Different energy suppliers may use different in-home displays, but they all provide similar information. Some suppliers also allow you to monitor usage through their an account on their website or a smart phone app.
Accessible in-home displays are being developed for partially-sighted and blind customers. Features include tactile buttons, a high-contrast screen, and speech output options.
Some things to be aware of
There are two generations of smart meters available, known as SMETS1 (1st generation) and SMETS2 (2nd generation), and the only difference between them is how they send data. Most common problems occurring with the 1st generation meters are due to this, while the 2nd generation meters solve switching and coverage issues.
Although SMETS2 meters are now being installed, some suppliers are still installing SMETS1 meters. It is worth asking your supplier which generation meter they can install at your home. If they are only offering SMETS1 meters this is not too problematic as an ‘over the airwaves’ update will soon be released to upgrade the functionality of these meters.
Not all energy suppliers are currently offering smart prepayment meters, and you may need to call your supplier or check online to see if they are. However, all energy suppliers will be offering them soon.
Finally, if you really don’t want a smart meter, you don’t have to accept one. However, some suppliers are now offering energy tariffs that include a compulsory smart meter installation, so by choosing to not accept one you may be limiting your choice of tariffs.
Having a smart meter installed
Smart meter installation is a straightforward process and should take less than an hour, depending on what kind of building you live in and where your meter is situated. Note that the gas or electricity will have to be switched off temporarily during installation.
Your energy supplier will arrange with you a date and approximate time for an engineer to visit. They will confirm with you what to expect, how long it will take, whether there’s anything you need to do (such as clear access to the meter) and what support is available for customers with hearing or vision impairment.
You can also request that the engineer calls you 30 minutes before they expect to arrive.

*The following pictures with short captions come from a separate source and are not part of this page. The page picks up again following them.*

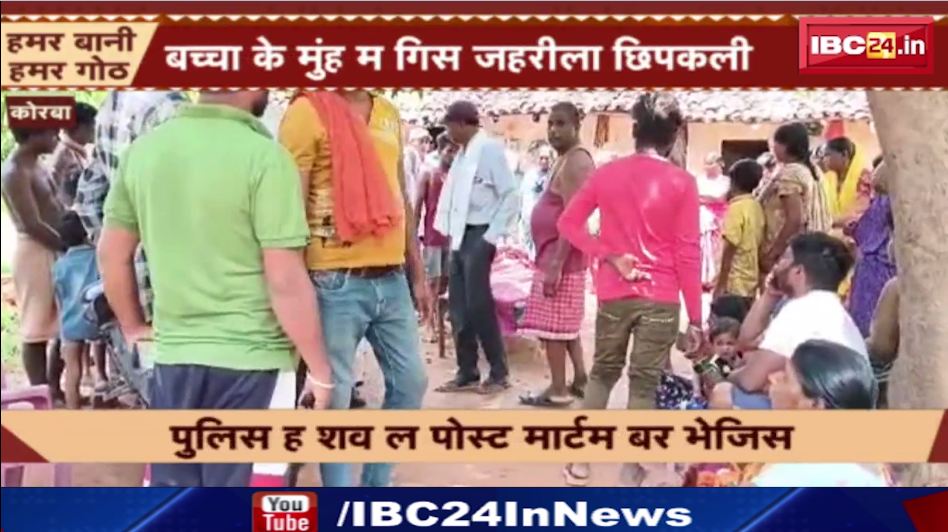 Korba में 3 साल के मासूम के मुँह में घुसी छिपकली, हुई  मौत। घटना के बाद इलाके में पसरा मातम। देखिए वीडियो…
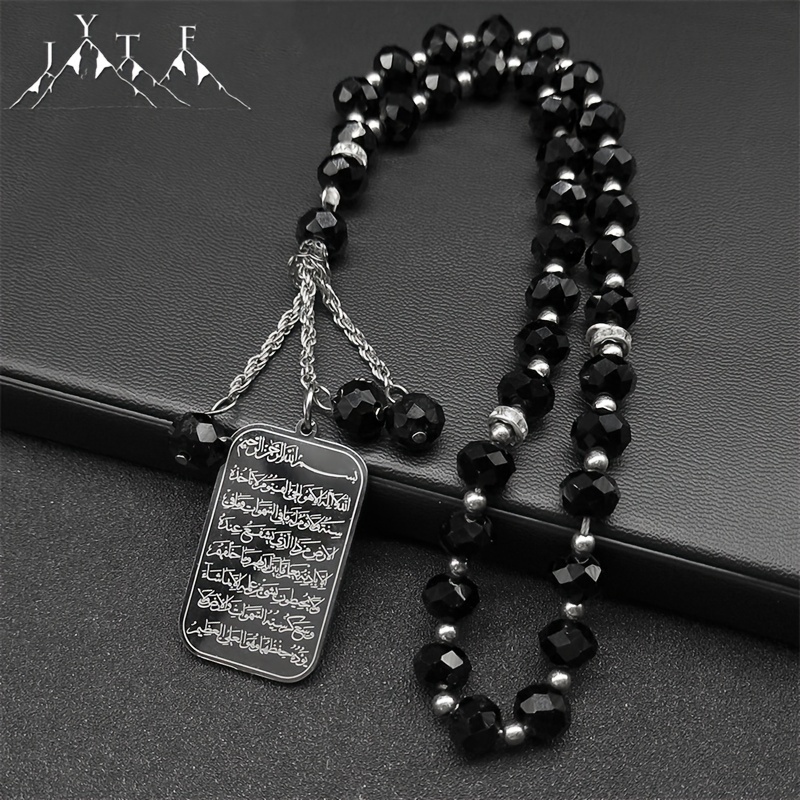 Islamic Muslim Car Pendant Made of Stainless Steel with a Golden Medal And Blue Glass Chain, a Perfect Gift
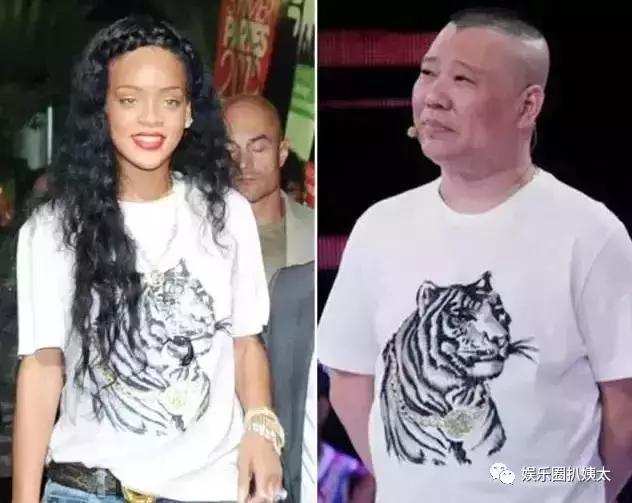 郭德纲撞衫鹿晗李宇春池昌旭,原来他一直是撞衫届的“战斗机”啊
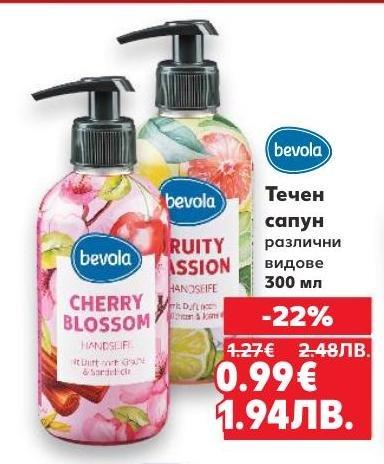 Течен сапун Bevola с аромат Cherry Blossom или Fruity Passion е идеален за ежедневна грижа за ръцете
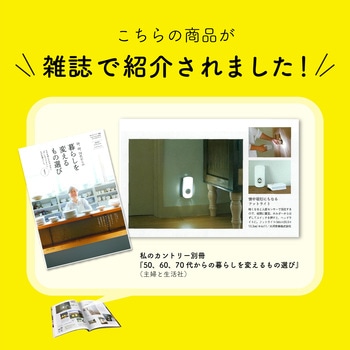 wasser13  LEDフットライト  明暗/人感センサー 懐中電灯 大河商事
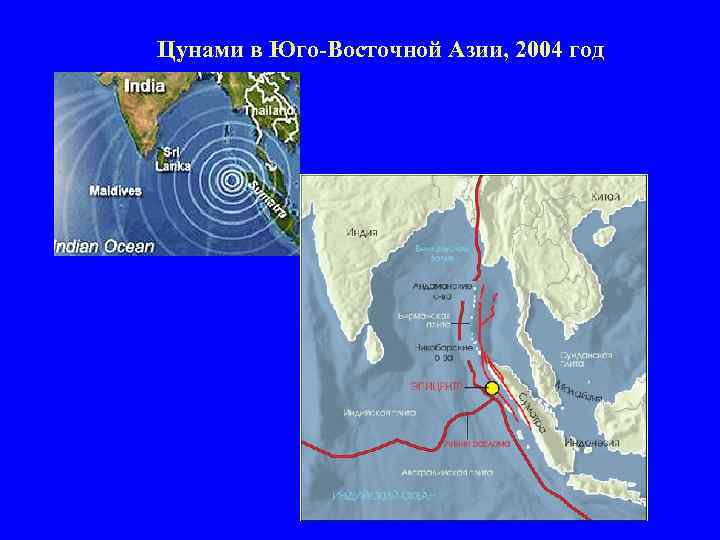 Цунами в Юго-Восточной Азии, 2004 год 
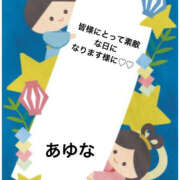 ヒメ日記 2026/07/07 10:00 投稿 あゆな クラブレア南大阪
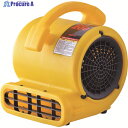 MEIHO 送風機 エアムーバー MAM200 1台 ▼232-9858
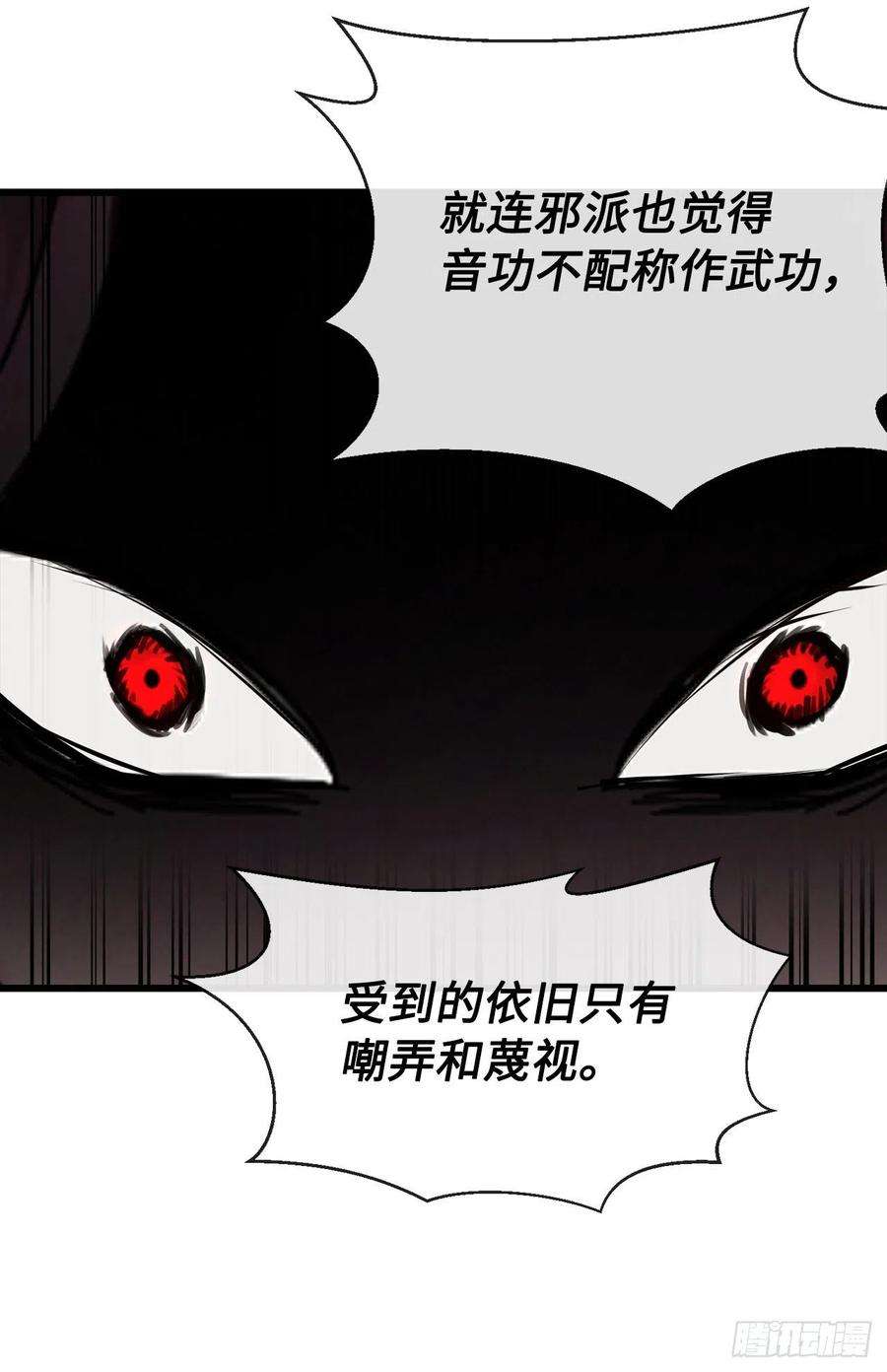 废柴重生之我要当大佬192.互相试探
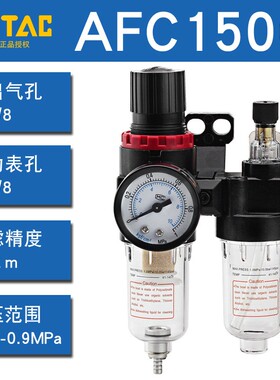 亚德客空压机油水分离器AFR二联件AFC2000气源处理过滤器调压阀AR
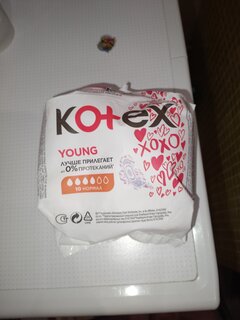 Прокладки женские Kotex, Young Normal, 10 шт, для девочек подростков, 4426 - фото 4 от пользователя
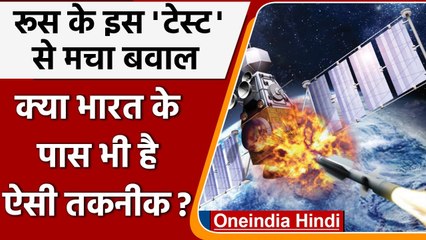 Russia की Anti Satellite Missile से मचा बवाल!, क्या India के पास भी है ऐसी तकनीक? | वनइंडिया हिंदी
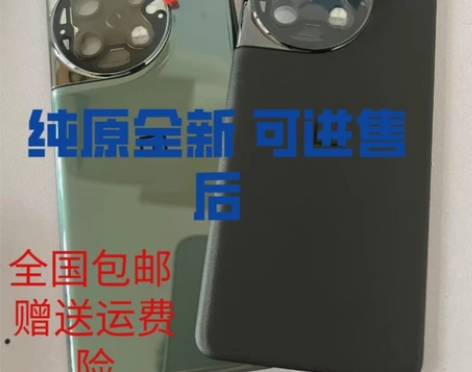 适用于一加 1+11 纯原后盖玻璃原装原厂...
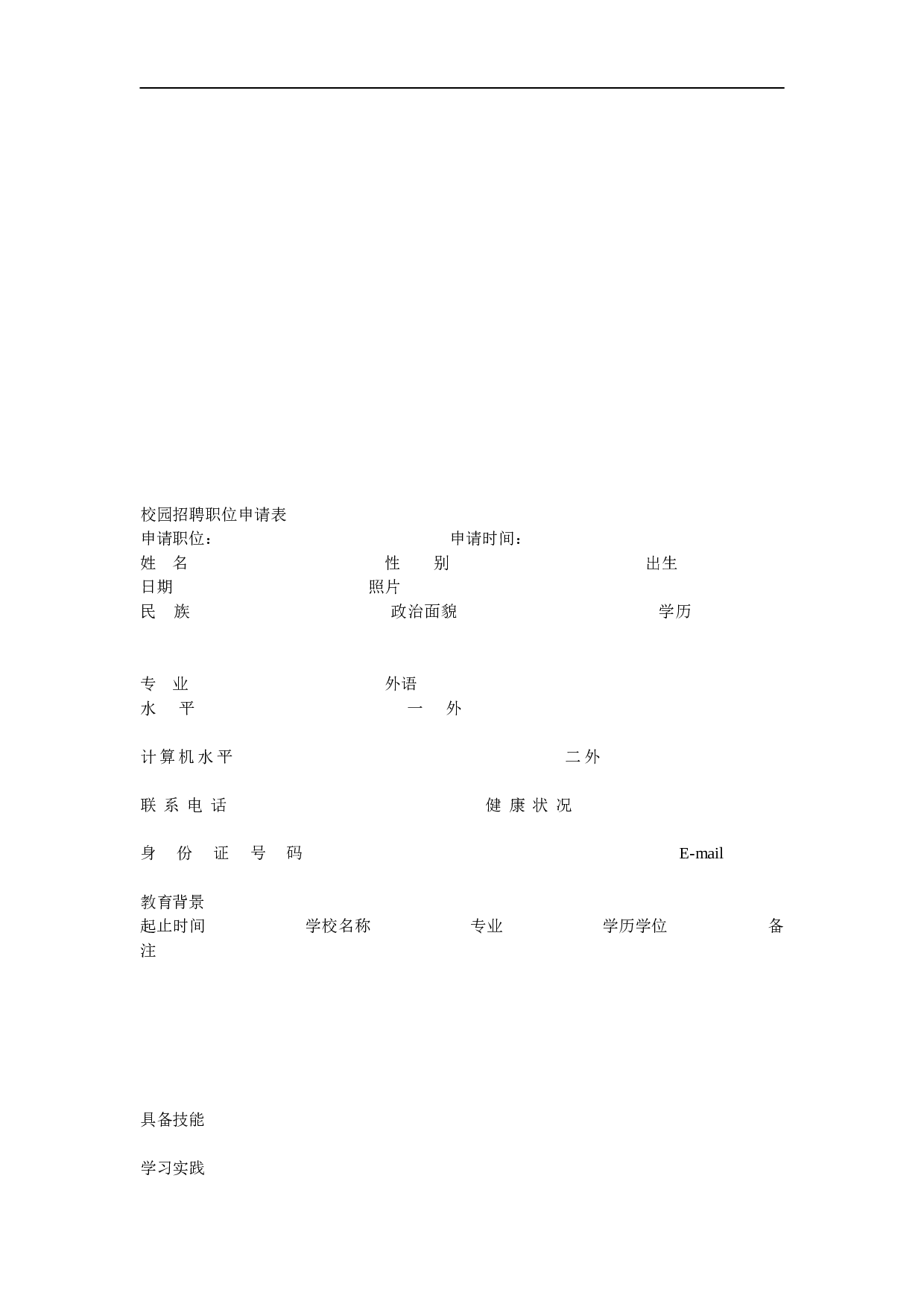 《校园招聘方案》计划.doc 第3页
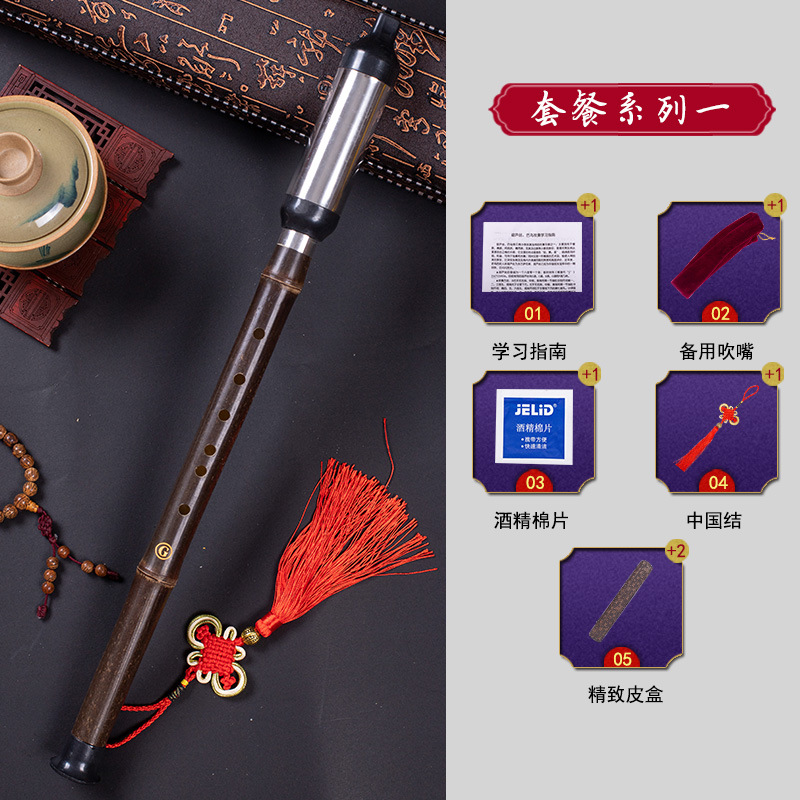 Vertical que sopla Bawu Bambú Púrpura desmontable de bambú púrpura talla Dragón Bawu G tono/F C tono/B tono Un Tono de aprendizaje Bawu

For added security, you can ask your energy supplier for a password which the engineer must repeat when they arrive at your home. If you have any concerns, check the engineer’s ID card and, if you’re still in doubt, ask them to wait outside while you call your energy supplier.
The engineer will advise you on how the smart meter and in-home display work. They will also carry out safety checks on gas appliances if a gas smart meter is being installed.
Requesting a smart meter
There is no charge for having a smart meter installed. Contact your energy supplier and ask for a smart meter, or type your supplier name into this web tool.
Common smart meter myths
There are many misconceptions around about smart meters. We have addressed some of the common ones below …
“Not all homes can have smart meters”
Installation is possible in 99% of homes since connectivity has been improved for the newest generation of smart meters, and no longer relies on the mobile network.
“You can’t switch supplier”
The latest generation of smart meters allow uninterrupted switching between suppliers with no loss of functionality. This is because they use the new shared Data Communications Company (DCC) network.
“Smart meters can spy on you”
“Economy 7 and 10 are not supported”
Some suppliers are providing Economy 7 smart meters, but it is still only a handful. There are plans to roll them out more widely over the next few years.
“Renters can’t get a smart meter”
If you pay the energy bills and the meter belongs to your supplier, then you have the right to request a smart meter.
“Smart meters are dangerous”
Public Health England say that smart meters “do not pose a health risk” and that “exposure to the radio waves produced by smart meters is likely to be much lower than that from other everyday devices such as mobile phones and Wi-Fi equipment”.